# [TASK DETAILS]
Starting at the line that holds "6-Bedroom Villa: Dream", reproduce each line exactly up to and including the last line of the records below. Pictures stay out.

# [Entries taken from a collection]
********************
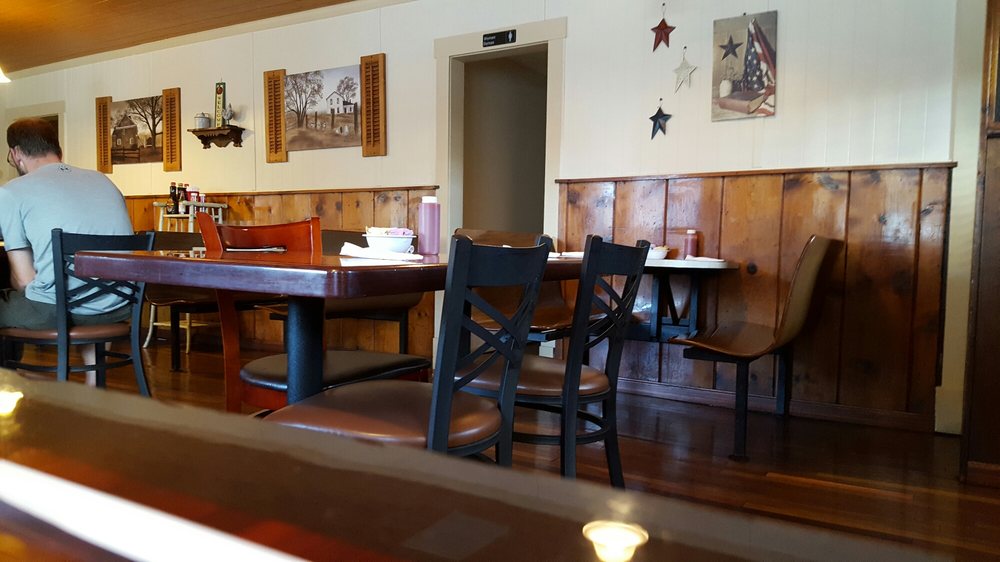 High Point Restaurant 19 Photos & 29 Reviews Diners 5106 Main St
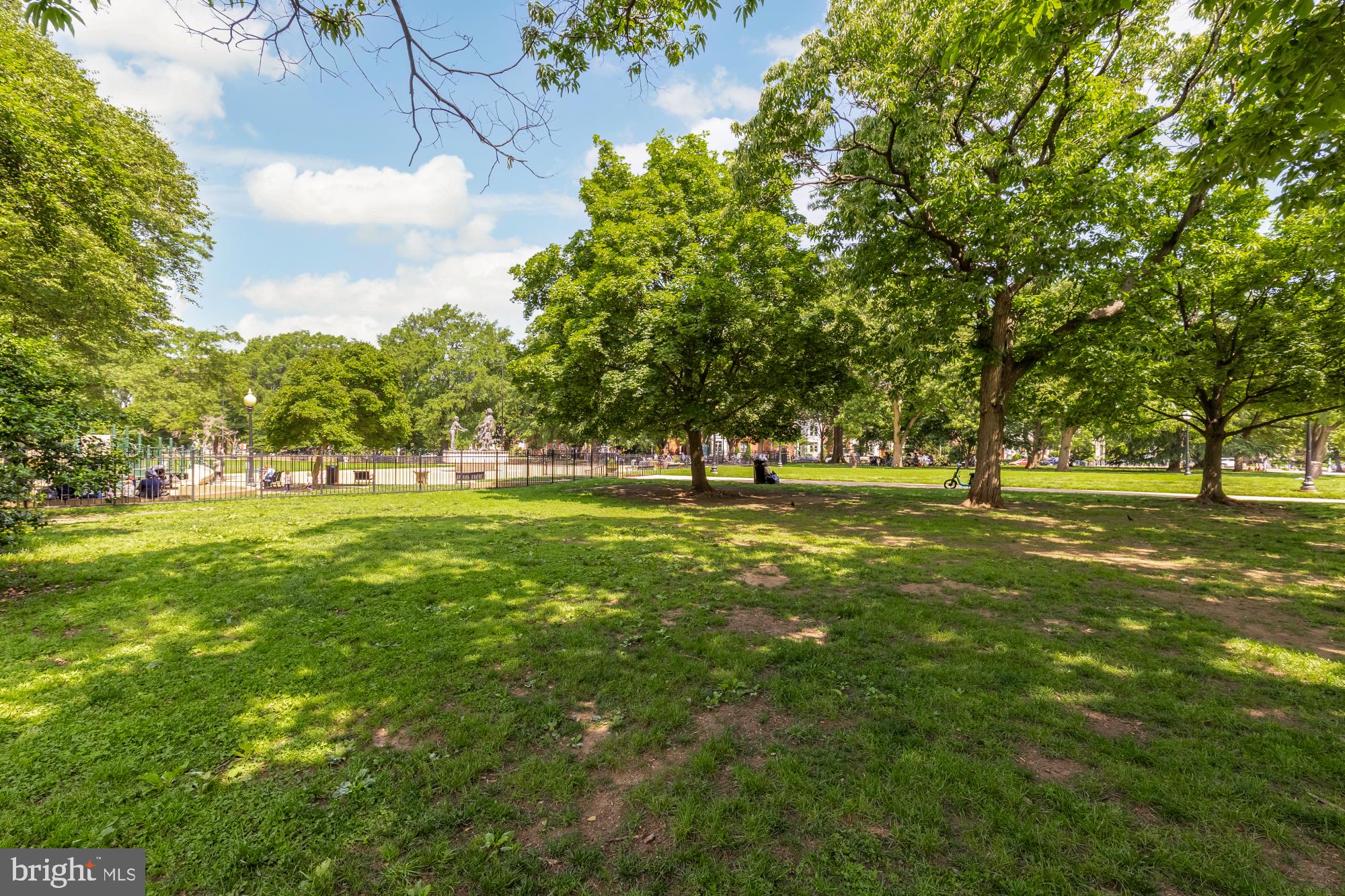 266 Kentucky Ave SE #B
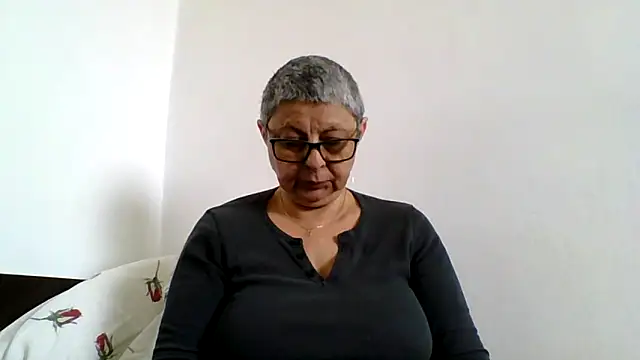 Snapshot of roseblak42 chatting on 05-01-26, 12:43 roseblak42 online show from 05-01-26, 12:43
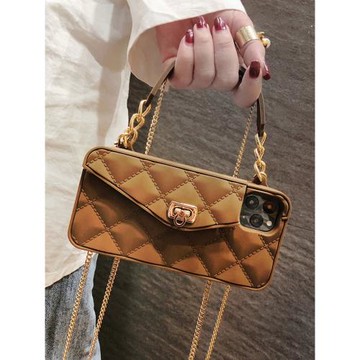 小香風斜挎iPhone16promax手機殼高級感蘋果15鏈條適用13插卡包棕色防摔14plus女新款網紅爆款12輕奢風保護套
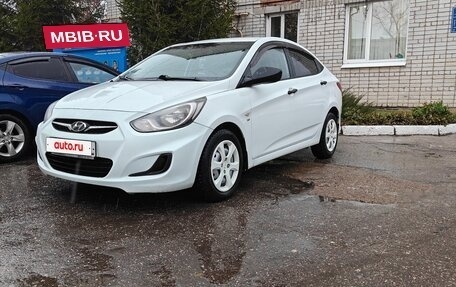Hyundai Solaris II рестайлинг, 2014 год, 850 000 рублей, 3 фотография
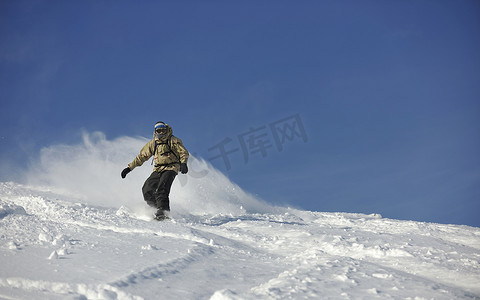 自由式滑雪板跳跃和骑行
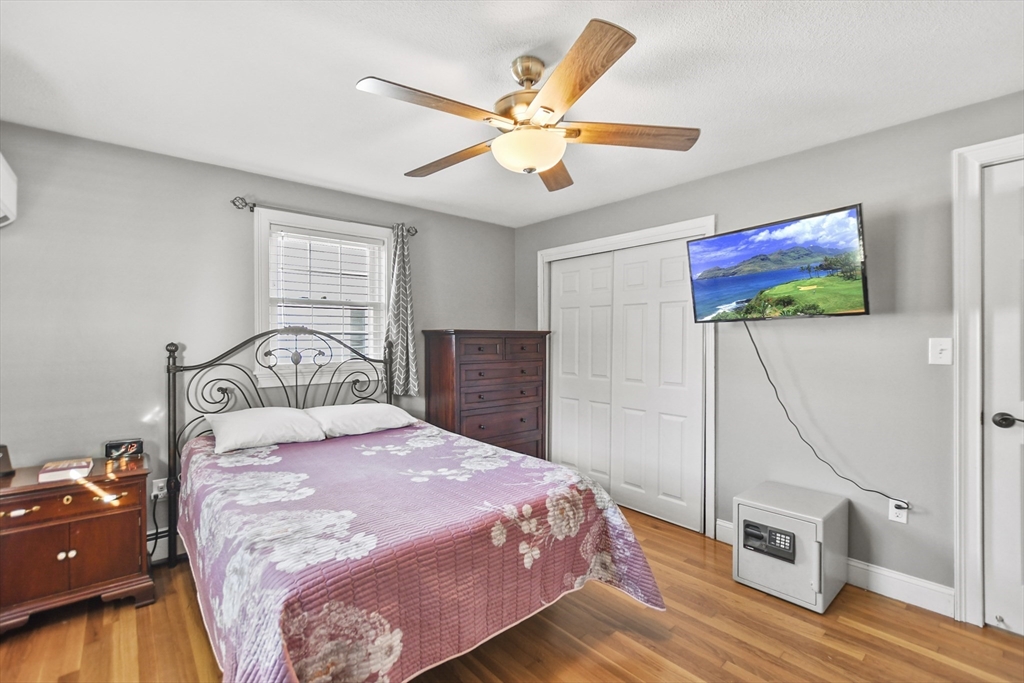 118 1/2 Market Street Unit: 118 1/2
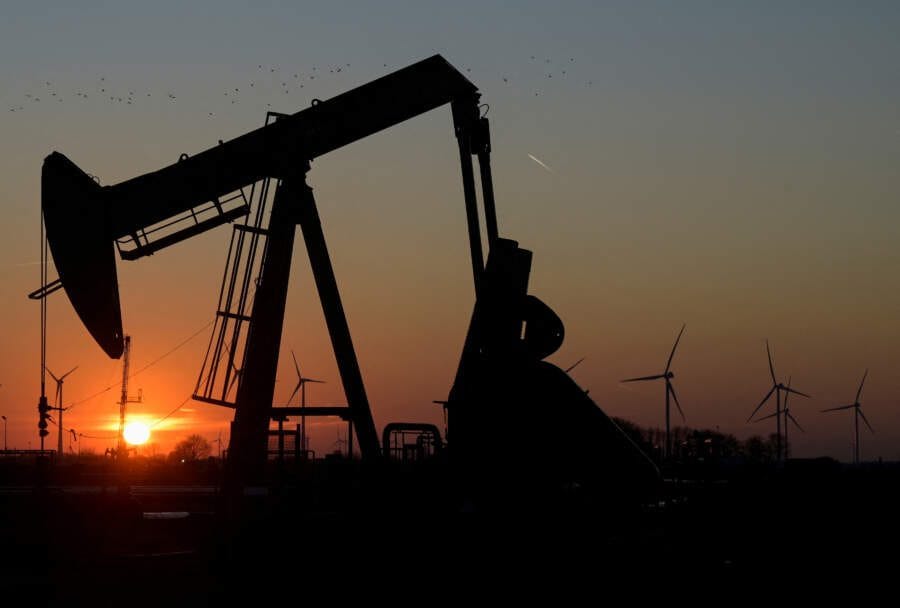 Oil rises on demand hopes as banking crisis fears subside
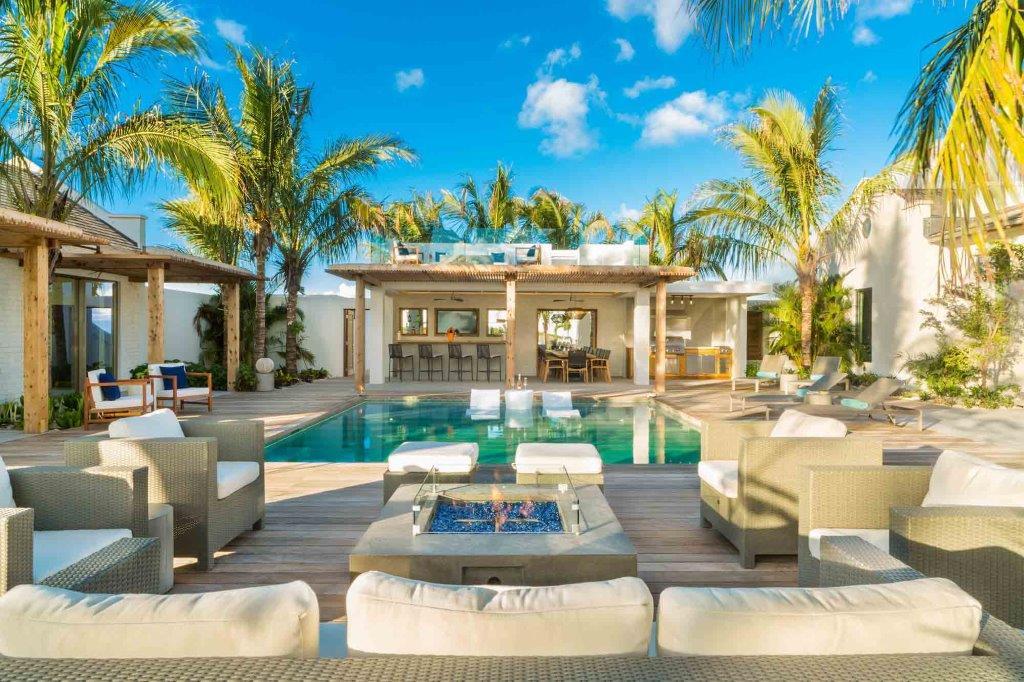 6-Bedroom Villa: Dream Pavilion with Private Chef and Butler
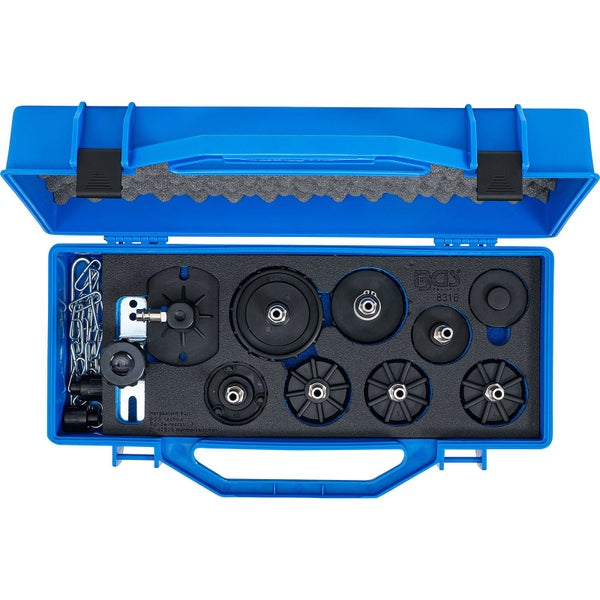 Nahaufnahme des Reglers eines Bewässerungsgeräts mit den Einstellungen maximal, 1 und 2.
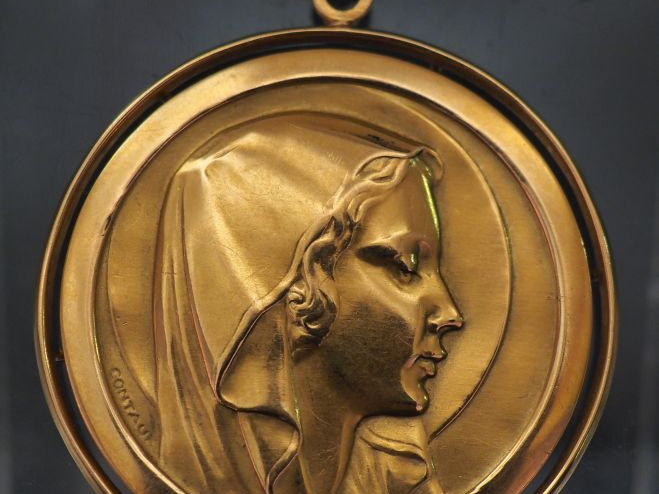 Importante médaille religieuse en or jaune, figurant la Sainte Vierge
********************
# [TASK OUTPUT]
 6-Bedroom Villa: Dream Pavilion with Private Chef and Butler
 Nahaufnahme des Reglers eines Bewässerungsgeräts mit den Einstellungen maximal, 1 und 2.
 Importante médaille religieuse en or jaune, figurant la Sainte Vierge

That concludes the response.